STAMPEDE Trial Update
One of the important and emerging questions in cancer metastasis is: how does the primary prostate tumor engage in cellular and molecular communication with potential locations for a metastasis, distant from the primary tumor, often in skeletal bone. This distant location requires preparation so that the arriving tumor cells can establish a new home as they spread, called the metastatic niche. Outstanding questions include how chemotherapy, androgen deprivation therapy and radiation therapy should be combined to reduce metastasis and prolong survival.
There is much patient-to-patient variation in metastasis, so the best way to determine rigorously whether a change to the standard of care makes a true difference is to enroll large numbers of men based on very specific criteria, randomize them into groups that test the beneficial effect of the innovation compared to the standard treatments, and then follow them long enough that differences are observed in clinically important outcomes, like survival. In the STAMPEDE trial, an acronym for “Systemic Therapy in Advancing or Metastatic Prostate Cancer: Evaluation of Drug Efficacy”, the investigator team set out to determine whether there was a survival benefit for different treatment approaches for men with high risk prostate cancer. The study has been open since 2005, and has compared innovations in treatment against the evolving standard of care, using patient survival as a key measure of success. So far, about 10,000 patients have been enrolled, which gives the study significant statistical power to draw meaningful conclusions.
The trial has several components, and the men in each component are included based on their treatments. The following groups are still open for men to join:
- Group A have hormone therapy
- Group K have hormone therapy and metformin
- Group L have the transdermal estradiol patch
The following groups are closed and some have results:
- Group B had hormone therapy and zoledronic acid
- Group C had hormone therapy and docetaxel
- Group D had hormone therapy and celecoxib
- Group E had hormone therapy, zoledronic acid and docetaxel
- Group F had hormone therapy, zoledronic acid and celecoxib
- Group G had hormone therapy and abiraterone
- Group H had hormone therapy and radiotherapy to the prostate
- Group J had hormone therapy, abiraterone and enzalutamide
In October 2018, results became available for Group H, a study of 2061 men with newly diagnosed prostate cancer (Parker et al. 2018), testing whether radiation therapy directed at the prostate improves survival in metastatic cancer, compared to the standard of care, which includes androgen deprivation therapy, docetaxel chemotherapy, and non-steroidal anti-inflammatory drugs like aspirin, ibuprofen, celecoxib or naproxen. The main outcome was overall survival, but the study also measured secondary outcomes: failure-free survival, progression-free survival, metastatic progression-free survival, prostate cancer-specific survival and symptomatic local event-free survival. The men, with a median age of 68 years, were divided equally into the two groups, only one of which also received radiation, and followed for three years. The study, published in The Lancet, found that radiotherapy improved failure-free survival (hazard ratio 0.76, 95% confidence interval 0.68–0.84; p<0.0001) but not overall survival (hazard ratio 0.92, 95% confidence interval 0.80–1.06; p=0.266).

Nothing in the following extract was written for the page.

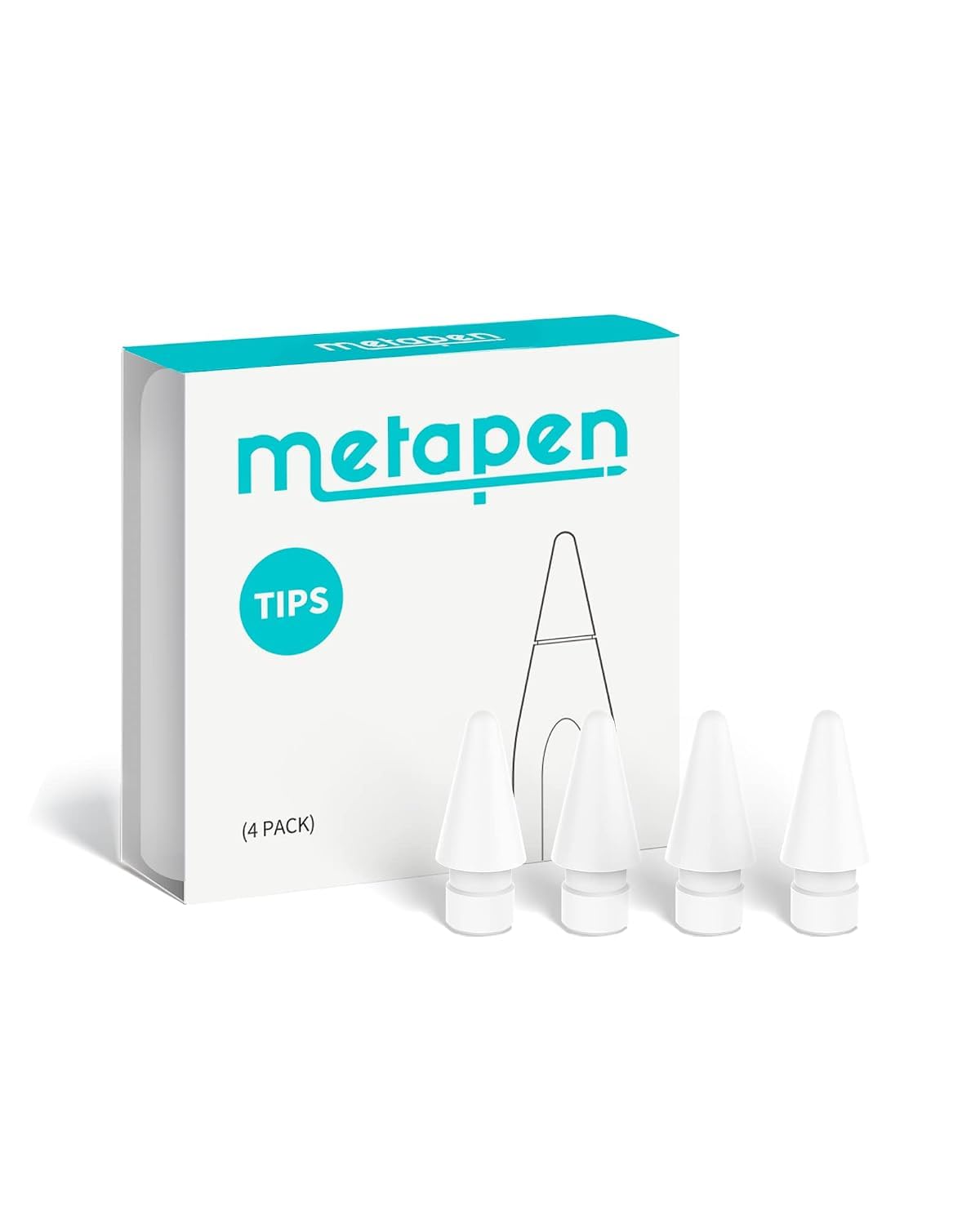 metapen pencil tips for apple pencil 2nd and 1st generation, original size (4pcs, super durable), fit well with ipad pen for ipad pro/mini/air, active stylus nibs (white, not yellow)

Side effects were expected in the group of men who received radiation, and these included bladder and bowel complications. Some treatments improved overall survival for men with metastatic cancer, including docetaxel, abiraterone and radiation for men with low metastatic burden. Treatments that did not improve overall survival included celecoxib and zoledronic acid.
Additional commentary was reported at the annual meeting of the European Society for Medical Oncology (ESMO) held in Barcelona from Sept. 27- Oct. 1, 2019. One of the lead investigators, Dr. Nicholas James, reported that, although docetaxel in addition to androgen deprivation therapy improves short term outcomes such as failure-free survival for non-metastatic hormone-sensitive prostate cancer, this does not appear to translate into an improvement in metastatic progression-free survival or overall survival benefit. Interestingly, in patients who receive radiation therapy in this context, docetaxel appears to eliminate the additive benefit seen from radiotherapy. The reasons for this are unclear. Though the authors have previously published that improved failure-free survival translates into greater quality-adjusted life years in this context, it is not clear that docetaxel should be incorporated into care at this disease state given both the unclear impact on patients who have received radiotherapy as well as lack of survival benefit.
These results of the STAMPEDE trial continue to be important and have changed the standard of care. The most recent report (Clarke et al. 2019) continues to consider the balance between toxicity of the chemotherapy treatment and clinical benefits. As follow up continues, more results are expected in coming months.